Work task: What you return must be the full data, repeated verbatim, with no pictures in it.

Records shown:

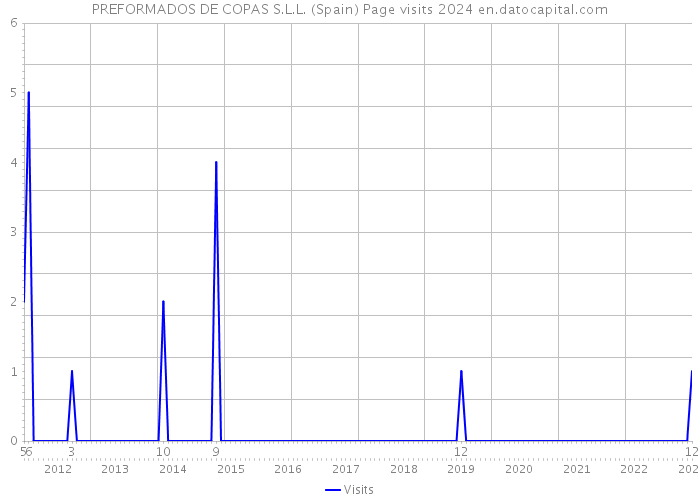 PREFORMADOS DE COPAS S.L.L. (Spain) Page visits 2024 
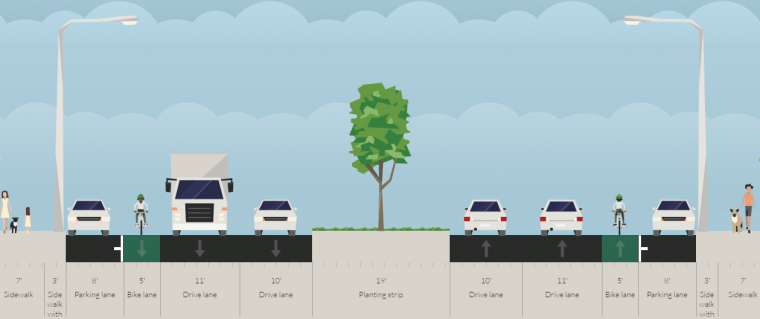 The 13-foot parking lanes have been converted into 8-foot parking lanes and a 5-foot bike lanes. 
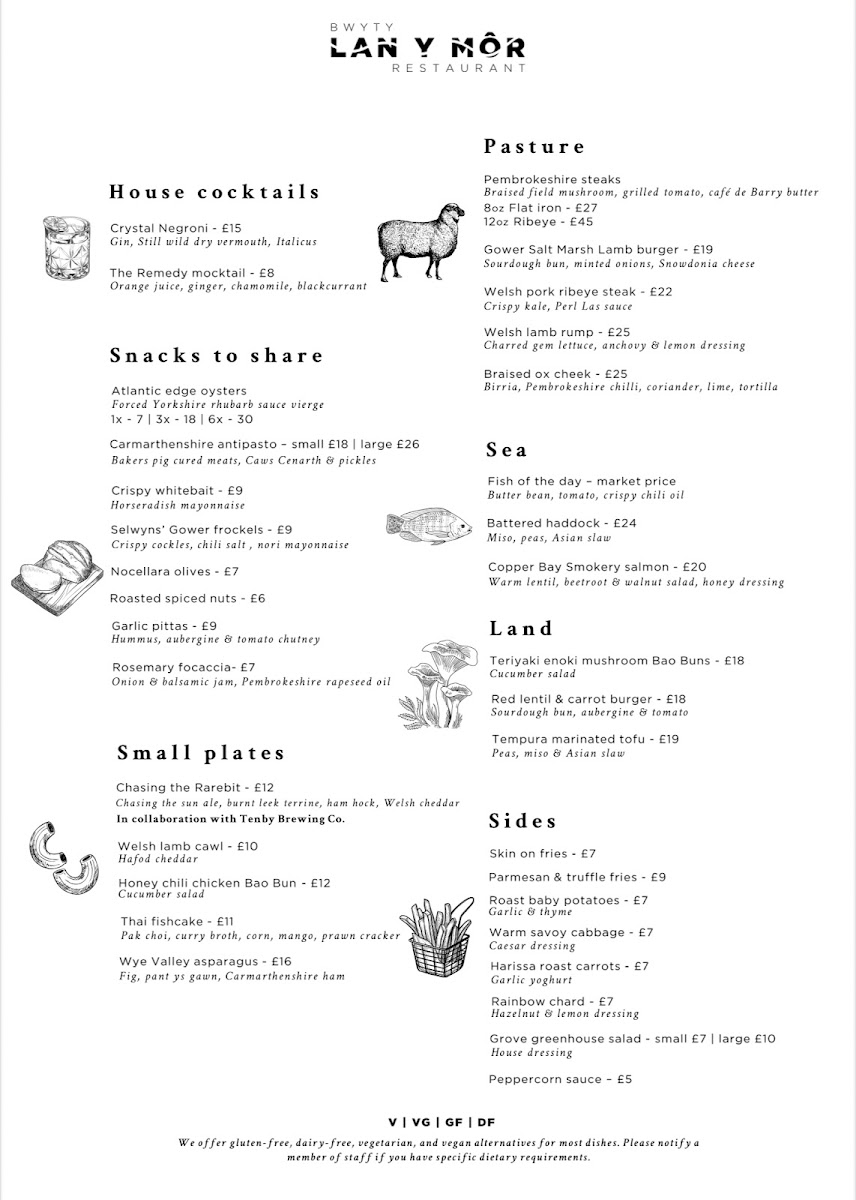 Menu Lan Y Môr Restaurant Saundersfoot-9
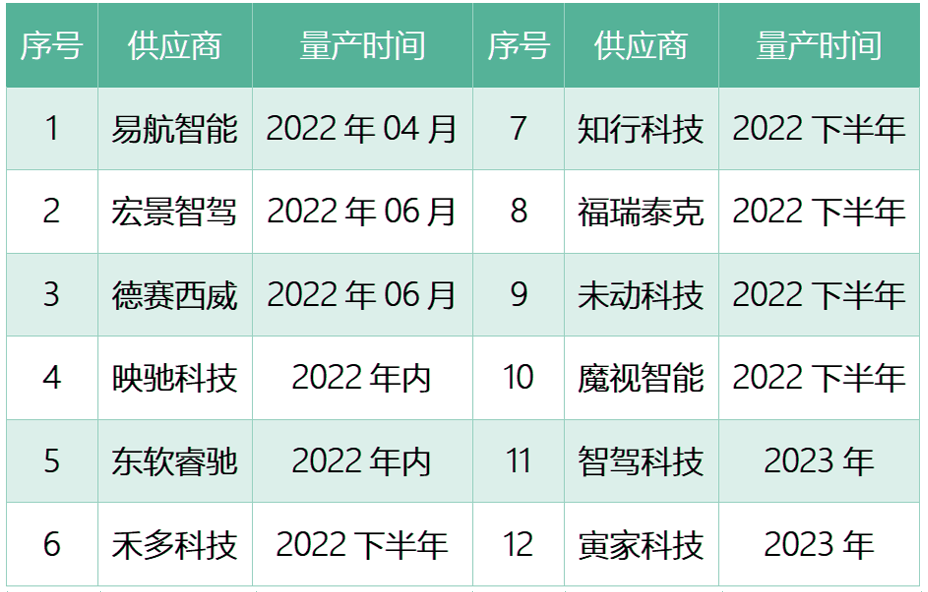 博世酝酿涨价，行泊一体方案或迎来重大机遇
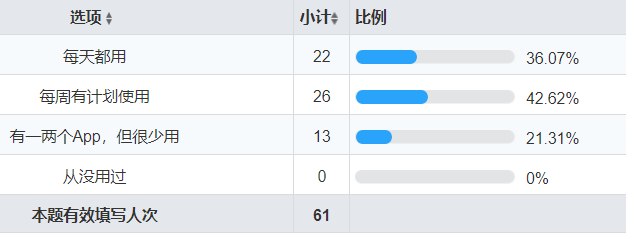 从0设计App（3）：如何用问卷看透人心 (上) - 图9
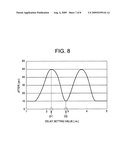 Method of designing semiconductor integrated circuit having function to adjust delay pass and apparatus for supporting design thereof diagram and image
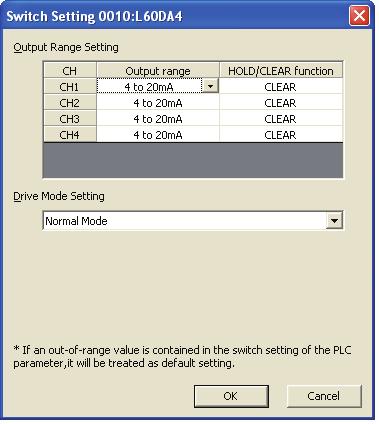 CHAPTER 7 VARIOUS SETTINGS 7.2 Switch Setting Set the operation mode, HOLD/CLEAR function, and the output range used in each CH. (1) Setting procedure Open the "Switch Setting" dialog box.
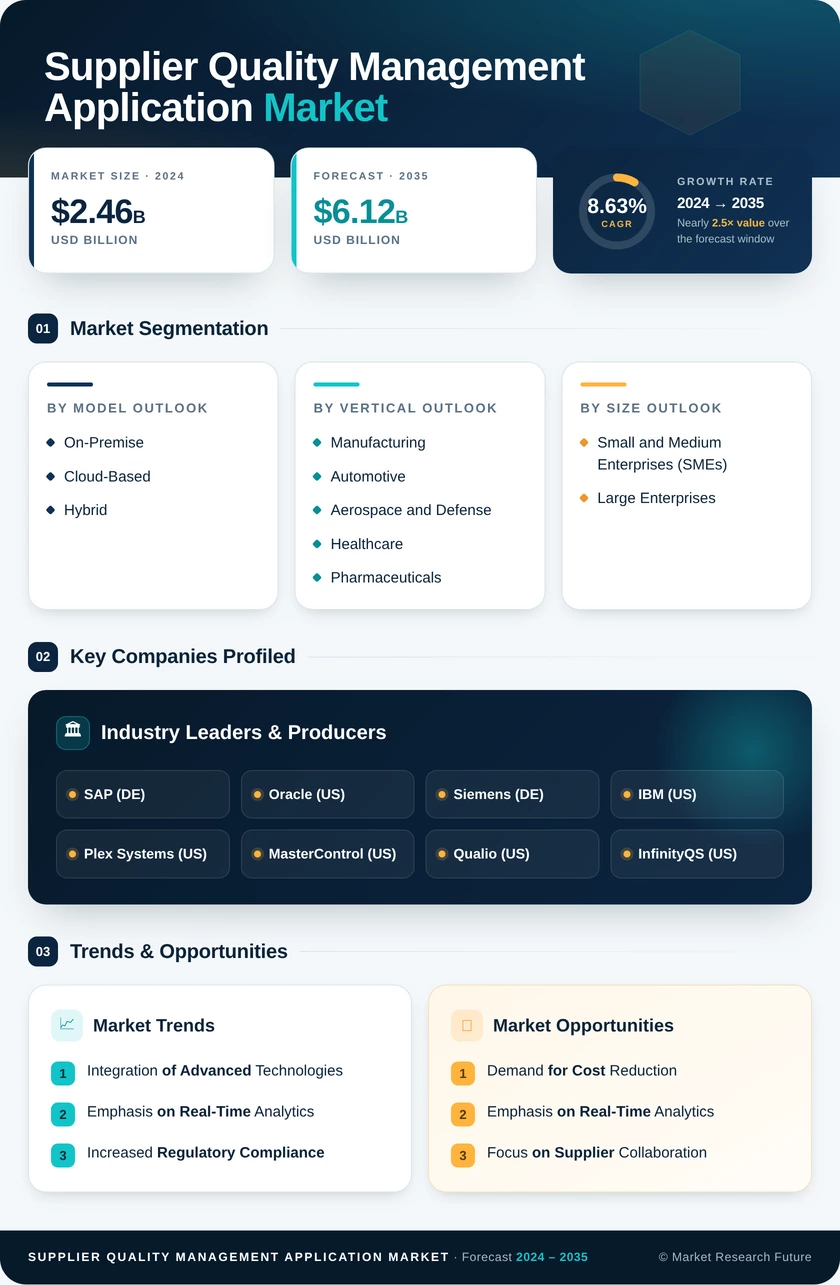 Supplier Quality Management Application Market Research Report—Forecast till 2035 Infographic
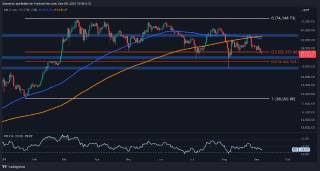 Bitcoin: $50K наближається через щоденний спад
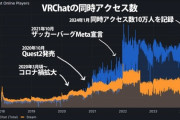 【その他】VR人口増加により“メタバースで生きていく”は現実になりつつある?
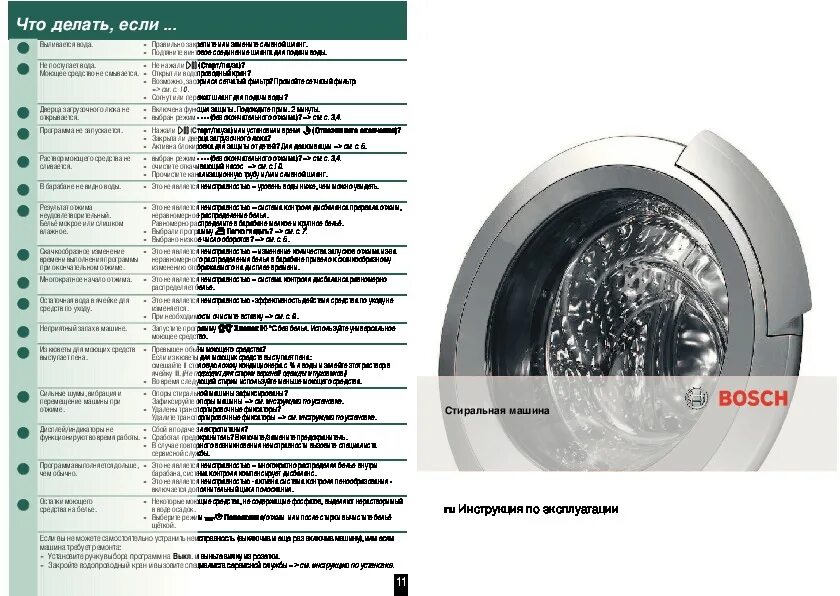 Стиральная машина bosch maxx 7 инструкция. Режимы стирки bosch maxx 7. Стиральная машинка bosch logixx 8 sensitive инструкция. Стиральная машина bosch classixx 5 wlf 20171 ce инструкция. Стиральная машина bosch maxx 6 инструкция.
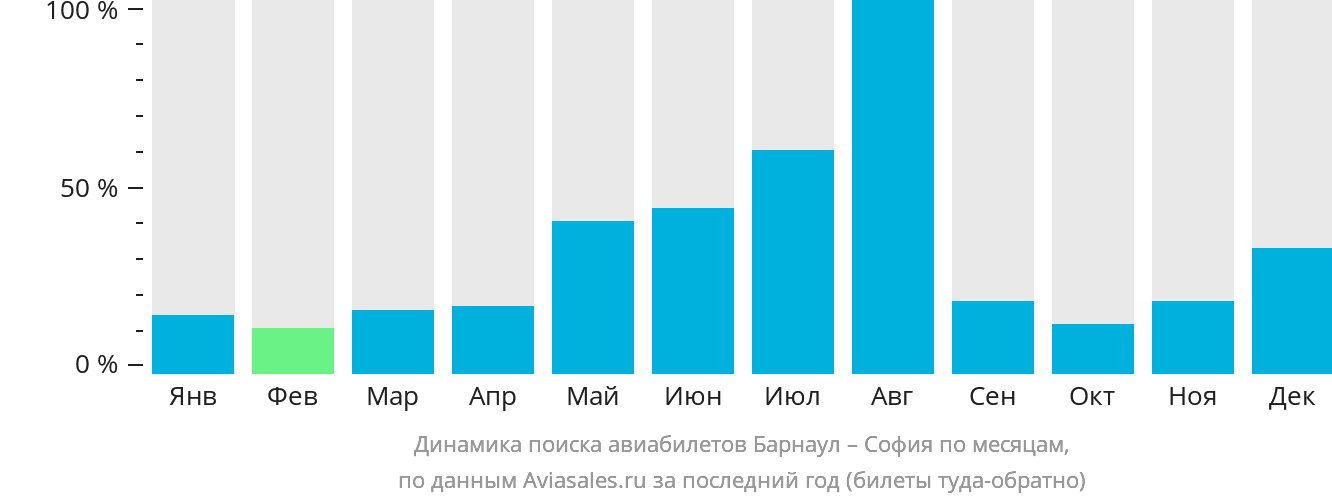 Динамика поиска авиабилетов из Барнаула в Софию по месяцам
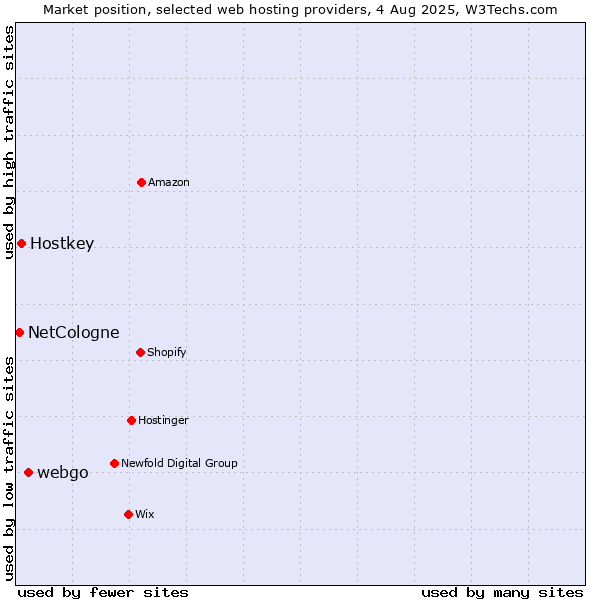 Market position of webgo vs. Hostkey vs. NetCologne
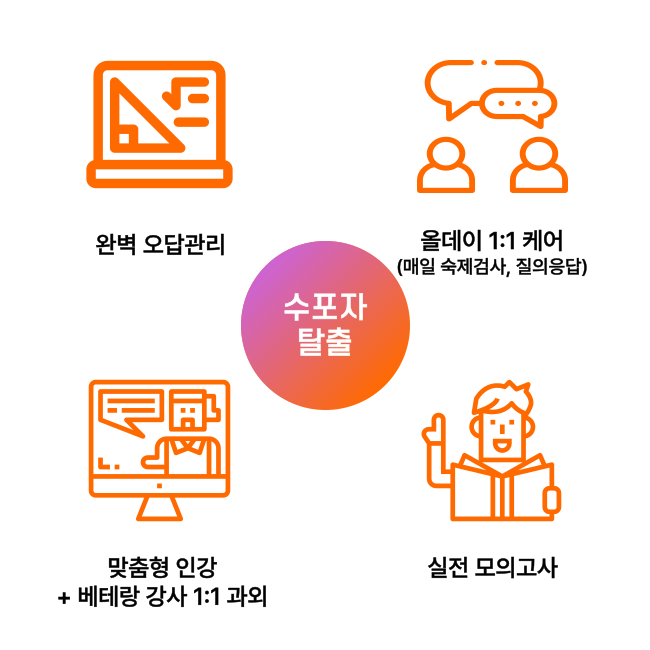 학생과 선생님의 1:1 과외 수업
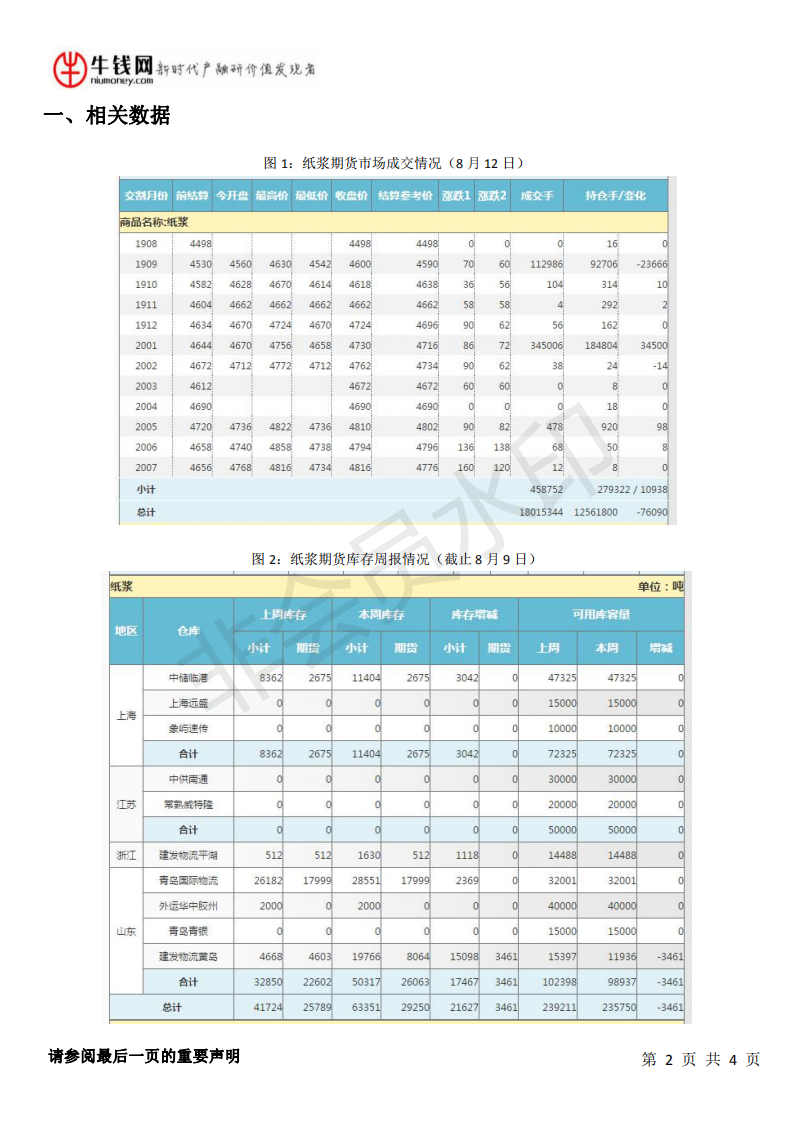 牛钱网纸浆日报20190813_01.png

Your solution:
 PREFORMADOS DE COPAS S.L.L. (Spain) Page visits 2024 
 The 13-foot parking lanes have been converted into 8-foot parking lanes and a 5-foot bike lanes. 
 Menu Lan Y Môr Restaurant Saundersfoot-9
 博世酝酿涨价，行泊一体方案或迎来重大机遇
 从0设计App（3）：如何用问卷看透人心 (上) - 图9
 Method of designing semiconductor integrated circuit having function to adjust delay pass and apparatus for supporting design thereof diagram and image
 CHAPTER 7 VARIOUS SETTINGS 7.2 Switch Setting Set the operation mode, HOLD/CLEAR function, and the output range used in each CH. (1) Setting procedure Open the "Switch Setting" dialog box.
 Supplier Quality Management Application Market Research Report—Forecast till 2035 Infographic
 Bitcoin: $50K наближається через щоденний спад
 【その他】VR人口増加により“メタバースで生きていく”は現実になりつつある?
 Стиральная машина bosch maxx 7 инструкция. Режимы стирки bosch maxx 7. Стиральная машинка bosch logixx 8 sensitive инструкция. Стиральная машина bosch classixx 5 wlf 20171 ce инструкция. Стиральная машина bosch maxx 6 инструкция.
 Динамика поиска авиабилетов из Барнаула в Софию по месяцам
 Market position of webgo vs. Hostkey vs. NetCologne
 학생과 선생님의 1:1 과외 수업
 牛钱网纸浆日报20190813_01.png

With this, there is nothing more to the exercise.